Fonts, stock images, mockups, plugins, templates, software, and other third-party materials remain subject to their own licenses. The client may need to obtain or maintain a separate license. No term should promise rights that MOUHA STORE LLC does not own or have authority to transfer.
10. Portfolio use and confidentiality
The final project documents should state whether completed public work may be displayed in the MOUHA STORE portfolio and whether attribution, launch timing, embargo, or confidentiality restrictions apply.
Confidential projects should be identified in writing before confidential materials are shared. A separate nondisclosure agreement may be used where appropriate. The business should not publicly disclose confidential material merely because portfolio use is common in the design industry.
11. Cancellation and refunds
Cancellation, deposits, completed work, third-party charges, rush work, client inactivity, and refund calculations are governed by the accepted project documents and the Refund and Cancellation Policy. A client should submit a cancellation request in writing through an agreed channel.
No refund should be promised or refused without considering the project stage, work completed, reserved capacity, non-recoverable costs, delivered rights, payment-provider restrictions, and applicable law.

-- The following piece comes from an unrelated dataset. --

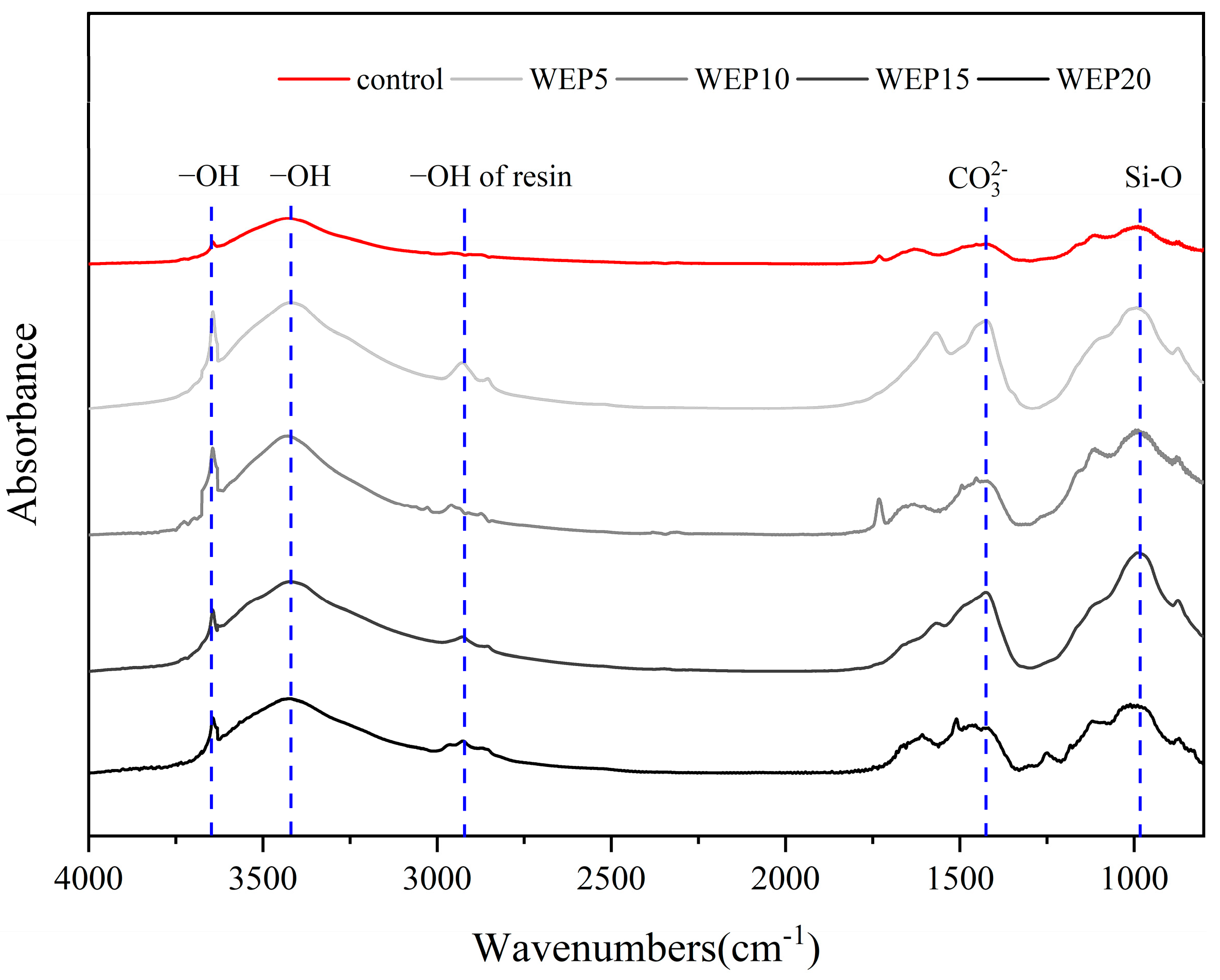Buildings 15 00997 g006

12. Prohibited requests and uses
The business may reject, suspend, or cancel a request that reasonably appears unlawful, deceptive, infringing, abusive, discriminatory, defamatory, unsafe, or outside the published service scope.

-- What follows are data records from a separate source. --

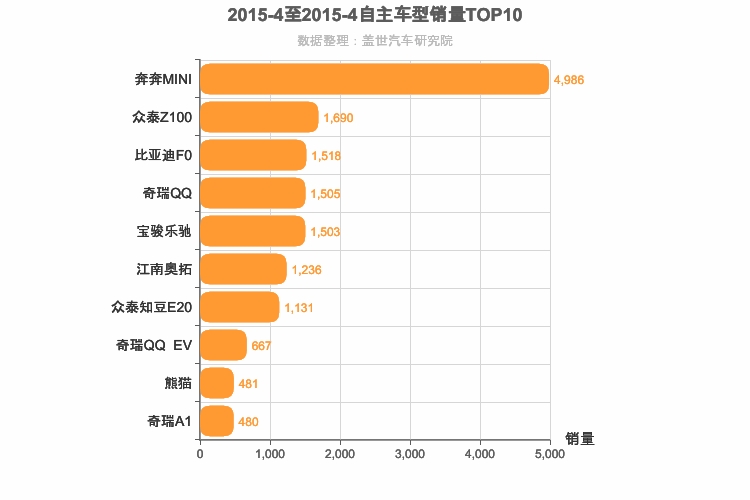 2015年4月自主A00级轿车销量排行榜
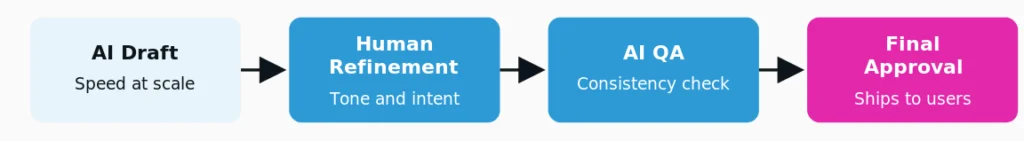 The AI plus human workflow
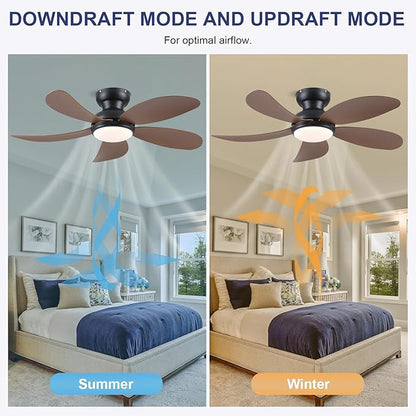 PHORUS Low Profile Ceiling Fans with Lights and Remote,42" Small Flush Mount Ceiling Fans with Quiet Reversible DC Motor, Dimmable 3 CCT,Brown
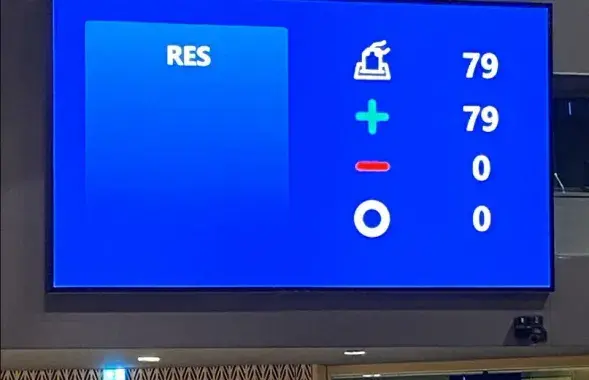Вынікі галасавання па беларускай рэзалюцыі ў ПАСЕ

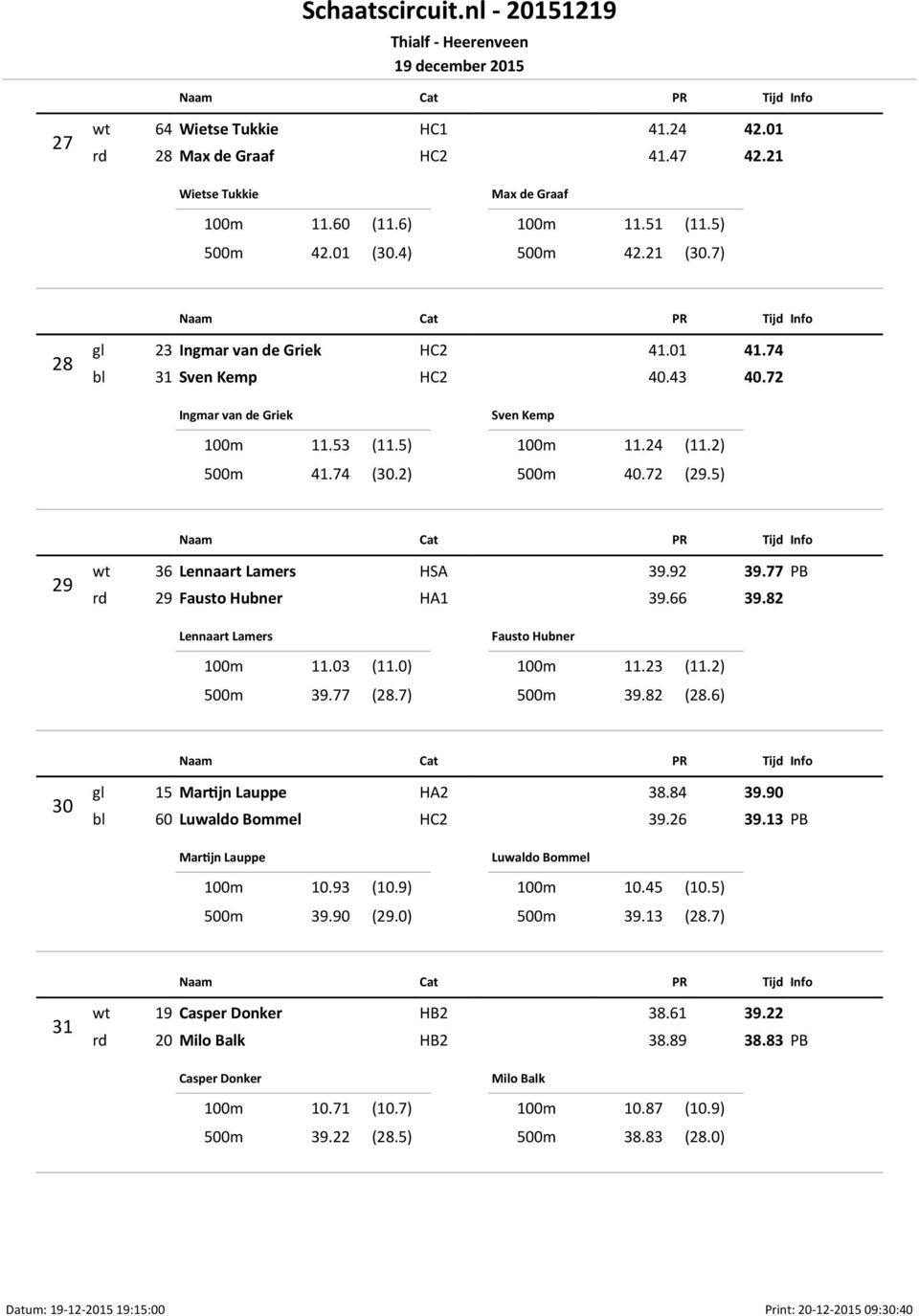 5) 29 wt 36 Lennaart Lamers HSA 39.92 39.77 rd 29 Fausto Hubner HA1 39.66 39.82 Lennaart Lamers 100m 11.03 (11.0) 500m 39.77 (28.7) Fausto Hubner 100m 11.23 (11.2) 500m 39.82 (28.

- Unauthorized copying or imitation of another person's protected work, brand, identity, or signature style.
- False endorsements, fabricated reviews, counterfeit materials, deceptive credentials, or misleading business claims.
- Content that violates third-party rights or applicable law.
- Use of final work in a way that exceeds an applicable license or written permission.
13. Warranties and limitation of liability
Design services do not guarantee sales, audience growth, regulatory approval, trademark registration, financial performance, platform acceptance, or business success. The client remains responsible for business decisions and final factual, legal, and regulatory review.
Any warranty disclaimer, liability cap, exclusion of indirect damages, indemnity, and remedy limitation must be drafted for the actual business, jurisdiction, client type, and applicable law. This draft does not establish a final liability clause.
Legal review required: insert enforceable, jurisdiction-specific warranty and liability language before production use.
14. Governing law and disputes
The governing law, venue, dispute process, notice method, and any mediation or arbitration terms have not been selected. They must be completed only after legal review of the company's formation, actual operating location, client locations, and service model.
Required placeholder: governing law and dispute-resolution terms are intentionally not finalized.
15. Changes and contact
The final terms should explain how amendments apply to new and active projects and should preserve any signed project-specific commitments. Questions can be submitted through the Contact page using the legal or privacy inquiry option.